[Short web captions]
+ + + + + + +
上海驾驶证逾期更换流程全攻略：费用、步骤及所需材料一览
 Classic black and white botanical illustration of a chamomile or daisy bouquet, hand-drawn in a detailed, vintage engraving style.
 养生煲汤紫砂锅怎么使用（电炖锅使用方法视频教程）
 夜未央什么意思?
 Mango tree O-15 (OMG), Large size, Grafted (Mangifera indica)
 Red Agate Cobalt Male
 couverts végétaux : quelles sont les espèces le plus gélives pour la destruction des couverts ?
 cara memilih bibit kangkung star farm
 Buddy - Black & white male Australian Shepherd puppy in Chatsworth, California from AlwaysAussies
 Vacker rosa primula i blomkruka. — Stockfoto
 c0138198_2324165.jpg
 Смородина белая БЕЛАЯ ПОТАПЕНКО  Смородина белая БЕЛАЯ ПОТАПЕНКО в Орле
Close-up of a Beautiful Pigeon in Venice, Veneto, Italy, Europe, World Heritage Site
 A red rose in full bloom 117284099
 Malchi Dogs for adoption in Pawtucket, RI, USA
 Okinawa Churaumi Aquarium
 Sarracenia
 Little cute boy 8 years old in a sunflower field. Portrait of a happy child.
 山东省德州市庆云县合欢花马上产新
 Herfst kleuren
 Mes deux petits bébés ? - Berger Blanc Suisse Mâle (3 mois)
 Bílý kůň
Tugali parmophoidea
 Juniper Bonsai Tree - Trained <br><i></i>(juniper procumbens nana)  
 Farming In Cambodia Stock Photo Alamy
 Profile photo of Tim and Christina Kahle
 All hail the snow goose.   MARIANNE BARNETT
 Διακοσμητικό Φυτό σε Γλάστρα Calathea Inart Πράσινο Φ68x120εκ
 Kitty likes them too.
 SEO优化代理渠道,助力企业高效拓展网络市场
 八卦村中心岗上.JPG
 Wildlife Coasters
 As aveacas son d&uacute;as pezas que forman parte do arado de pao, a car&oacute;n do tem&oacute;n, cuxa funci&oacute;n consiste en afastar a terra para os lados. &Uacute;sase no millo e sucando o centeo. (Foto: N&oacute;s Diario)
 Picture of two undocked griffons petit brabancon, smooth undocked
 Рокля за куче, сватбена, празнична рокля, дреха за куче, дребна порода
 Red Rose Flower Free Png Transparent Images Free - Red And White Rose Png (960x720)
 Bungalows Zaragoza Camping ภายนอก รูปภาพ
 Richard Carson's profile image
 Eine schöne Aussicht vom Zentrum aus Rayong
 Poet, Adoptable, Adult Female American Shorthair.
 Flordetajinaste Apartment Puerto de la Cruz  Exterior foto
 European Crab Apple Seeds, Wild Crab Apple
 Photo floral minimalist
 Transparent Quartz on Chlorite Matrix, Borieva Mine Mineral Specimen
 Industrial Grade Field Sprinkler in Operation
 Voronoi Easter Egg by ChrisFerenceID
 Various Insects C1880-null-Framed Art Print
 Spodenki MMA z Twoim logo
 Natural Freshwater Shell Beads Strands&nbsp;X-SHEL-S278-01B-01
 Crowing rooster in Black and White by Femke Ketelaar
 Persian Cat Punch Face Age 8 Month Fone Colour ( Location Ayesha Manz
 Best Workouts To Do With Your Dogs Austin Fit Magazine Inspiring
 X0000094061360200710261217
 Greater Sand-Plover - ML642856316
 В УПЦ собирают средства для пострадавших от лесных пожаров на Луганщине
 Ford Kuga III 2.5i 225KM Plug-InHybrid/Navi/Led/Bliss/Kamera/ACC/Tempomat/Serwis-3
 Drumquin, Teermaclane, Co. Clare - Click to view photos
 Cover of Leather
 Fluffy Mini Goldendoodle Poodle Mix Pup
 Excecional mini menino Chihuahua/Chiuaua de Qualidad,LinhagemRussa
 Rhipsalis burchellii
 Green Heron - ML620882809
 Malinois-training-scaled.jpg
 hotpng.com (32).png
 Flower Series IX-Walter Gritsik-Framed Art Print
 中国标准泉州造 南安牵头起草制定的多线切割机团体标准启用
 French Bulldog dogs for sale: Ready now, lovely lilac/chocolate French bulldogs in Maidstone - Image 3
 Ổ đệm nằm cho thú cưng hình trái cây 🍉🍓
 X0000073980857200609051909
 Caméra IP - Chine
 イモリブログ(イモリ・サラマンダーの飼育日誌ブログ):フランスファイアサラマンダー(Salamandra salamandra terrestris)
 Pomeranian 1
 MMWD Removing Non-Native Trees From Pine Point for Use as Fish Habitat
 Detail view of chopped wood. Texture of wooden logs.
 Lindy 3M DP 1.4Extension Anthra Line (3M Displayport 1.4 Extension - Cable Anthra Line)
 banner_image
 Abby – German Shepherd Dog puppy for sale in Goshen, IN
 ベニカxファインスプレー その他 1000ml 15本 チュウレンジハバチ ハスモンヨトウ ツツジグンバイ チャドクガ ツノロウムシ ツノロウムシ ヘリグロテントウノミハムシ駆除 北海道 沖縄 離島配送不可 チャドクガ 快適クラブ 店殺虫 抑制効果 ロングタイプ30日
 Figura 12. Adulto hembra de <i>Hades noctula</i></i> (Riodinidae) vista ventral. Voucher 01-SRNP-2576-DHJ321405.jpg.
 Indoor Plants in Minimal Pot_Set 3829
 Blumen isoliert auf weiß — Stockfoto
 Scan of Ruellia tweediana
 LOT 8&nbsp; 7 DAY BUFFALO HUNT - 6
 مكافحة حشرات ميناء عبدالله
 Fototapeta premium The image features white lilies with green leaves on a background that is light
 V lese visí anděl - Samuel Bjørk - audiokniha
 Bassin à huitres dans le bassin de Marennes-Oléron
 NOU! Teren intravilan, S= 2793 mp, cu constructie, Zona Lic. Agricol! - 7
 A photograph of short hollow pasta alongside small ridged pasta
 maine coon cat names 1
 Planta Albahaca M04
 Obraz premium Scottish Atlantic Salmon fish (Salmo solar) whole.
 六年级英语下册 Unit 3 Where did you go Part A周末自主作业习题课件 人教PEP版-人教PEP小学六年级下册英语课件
+ + + + + + +
- Exercise goal -
Your response needs to restate the lines above exactly.

- Written answer -
上海驾驶证逾期更换流程全攻略：费用、步骤及所需材料一览
 Classic black and white botanical illustration of a chamomile or daisy bouquet, hand-drawn in a detailed, vintage engraving style.
 养生煲汤紫砂锅怎么使用（电炖锅使用方法视频教程）
 夜未央什么意思?
 Mango tree O-15 (OMG), Large size, Grafted (Mangifera indica)
 Red Agate Cobalt Male
 couverts végétaux : quelles sont les espèces le plus gélives pour la destruction des couverts ?
 cara memilih bibit kangkung star farm
 Buddy - Black & white male Australian Shepherd puppy in Chatsworth, California from AlwaysAussies
 Vacker rosa primula i blomkruka. — Stockfoto
 c0138198_2324165.jpg
 Смородина белая БЕЛАЯ ПОТАПЕНКО  Смородина белая БЕЛАЯ ПОТАПЕНКО в Орле
Close-up of a Beautiful Pigeon in Venice, Veneto, Italy, Europe, World Heritage Site
 A red rose in full bloom 117284099
 Malchi Dogs for adoption in Pawtucket, RI, USA
 Okinawa Churaumi Aquarium
 Sarracenia
 Little cute boy 8 years old in a sunflower field. Portrait of a happy child.
 山东省德州市庆云县合欢花马上产新
 Herfst kleuren
 Mes deux petits bébés ? - Berger Blanc Suisse Mâle (3 mois)
 Bílý kůň
Tugali parmophoidea
 Juniper Bonsai Tree - Trained <br><i></i>(juniper procumbens nana)  
 Farming In Cambodia Stock Photo Alamy
 Profile photo of Tim and Christina Kahle
 All hail the snow goose.   MARIANNE BARNETT
 Διακοσμητικό Φυτό σε Γλάστρα Calathea Inart Πράσινο Φ68x120εκ
 Kitty likes them too.
 SEO优化代理渠道,助力企业高效拓展网络市场
 八卦村中心岗上.JPG
 Wildlife Coasters
 As aveacas son d&uacute;as pezas que forman parte do arado de pao, a car&oacute;n do tem&oacute;n, cuxa funci&oacute;n consiste en afastar a terra para os lados. &Uacute;sase no millo e sucando o centeo. (Foto: N&oacute;s Diario)
 Picture of two undocked griffons petit brabancon, smooth undocked
 Рокля за куче, сватбена, празнична рокля, дреха за куче, дребна порода
 Red Rose Flower Free Png Transparent Images Free - Red And White Rose Png (960x720)
 Bungalows Zaragoza Camping ภายนอก รูปภาพ
 Richard Carson's profile image
 Eine schöne Aussicht vom Zentrum aus Rayong
 Poet, Adoptable, Adult Female American Shorthair.
 Flordetajinaste Apartment Puerto de la Cruz  Exterior foto
 European Crab Apple Seeds, Wild Crab Apple
 Photo floral minimalist
 Transparent Quartz on Chlorite Matrix, Borieva Mine Mineral Specimen
 Industrial Grade Field Sprinkler in Operation
 Voronoi Easter Egg by ChrisFerenceID
 Various Insects C1880-null-Framed Art Print
 Spodenki MMA z Twoim logo
 Natural Freshwater Shell Beads Strands&nbsp;X-SHEL-S278-01B-01
 Crowing rooster in Black and White by Femke Ketelaar
 Persian Cat Punch Face Age 8 Month Fone Colour ( Location Ayesha Manz
 Best Workouts To Do With Your Dogs Austin Fit Magazine Inspiring
 X0000094061360200710261217
 Greater Sand-Plover - ML642856316
 В УПЦ собирают средства для пострадавших от лесных пожаров на Луганщине
 Ford Kuga III 2.5i 225KM Plug-InHybrid/Navi/Led/Bliss/Kamera/ACC/Tempomat/Serwis-3
 Drumquin, Teermaclane, Co. Clare - Click to view photos
 Cover of Leather
 Fluffy Mini Goldendoodle Poodle Mix Pup
 Excecional mini menino Chihuahua/Chiuaua de Qualidad,LinhagemRussa
 Rhipsalis burchellii
 Green Heron - ML620882809
 Malinois-training-scaled.jpg
 hotpng.com (32).png
 Flower Series IX-Walter Gritsik-Framed Art Print
 中国标准泉州造 南安牵头起草制定的多线切割机团体标准启用
 French Bulldog dogs for sale: Ready now, lovely lilac/chocolate French bulldogs in Maidstone - Image 3
 Ổ đệm nằm cho thú cưng hình trái cây 🍉🍓
 X0000073980857200609051909
 Caméra IP - Chine
 イモリブログ(イモリ・サラマンダーの飼育日誌ブログ):フランスファイアサラマンダー(Salamandra salamandra terrestris)
 Pomeranian 1
 MMWD Removing Non-Native Trees From Pine Point for Use as Fish Habitat
 Detail view of chopped wood. Texture of wooden logs.
 Lindy 3M DP 1.4Extension Anthra Line (3M Displayport 1.4 Extension - Cable Anthra Line)
 banner_image
 Abby – German Shepherd Dog puppy for sale in Goshen, IN
 ベニカxファインスプレー その他 1000ml 15本 チュウレンジハバチ ハスモンヨトウ ツツジグンバイ チャドクガ ツノロウムシ ツノロウムシ ヘリグロテントウノミハムシ駆除 北海道 沖縄 離島配送不可 チャドクガ 快適クラブ 店殺虫 抑制効果 ロングタイプ30日
 Figura 12. Adulto hembra de <i>Hades noctula</i></i> (Riodinidae) vista ventral. Voucher 01-SRNP-2576-DHJ321405.jpg.
 Indoor Plants in Minimal Pot_Set 3829
 Blumen isoliert auf weiß — Stockfoto
 Scan of Ruellia tweediana
 LOT 8&nbsp; 7 DAY BUFFALO HUNT - 6
 مكافحة حشرات ميناء عبدالله
 Fototapeta premium The image features white lilies with green leaves on a background that is light
 V lese visí anděl - Samuel Bjørk - audiokniha
 Bassin à huitres dans le bassin de Marennes-Oléron
 NOU! Teren intravilan, S= 2793 mp, cu constructie, Zona Lic. Agricol! - 7
 A photograph of short hollow pasta alongside small ridged pasta
 maine coon cat names 1
 Planta Albahaca M04
 Obraz premium Scottish Atlantic Salmon fish (Salmo solar) whole.
 六年级英语下册 Unit 3 Where did you go Part A周末自主作业习题课件 人教PEP版-人教PEP小学六年级下册英语课件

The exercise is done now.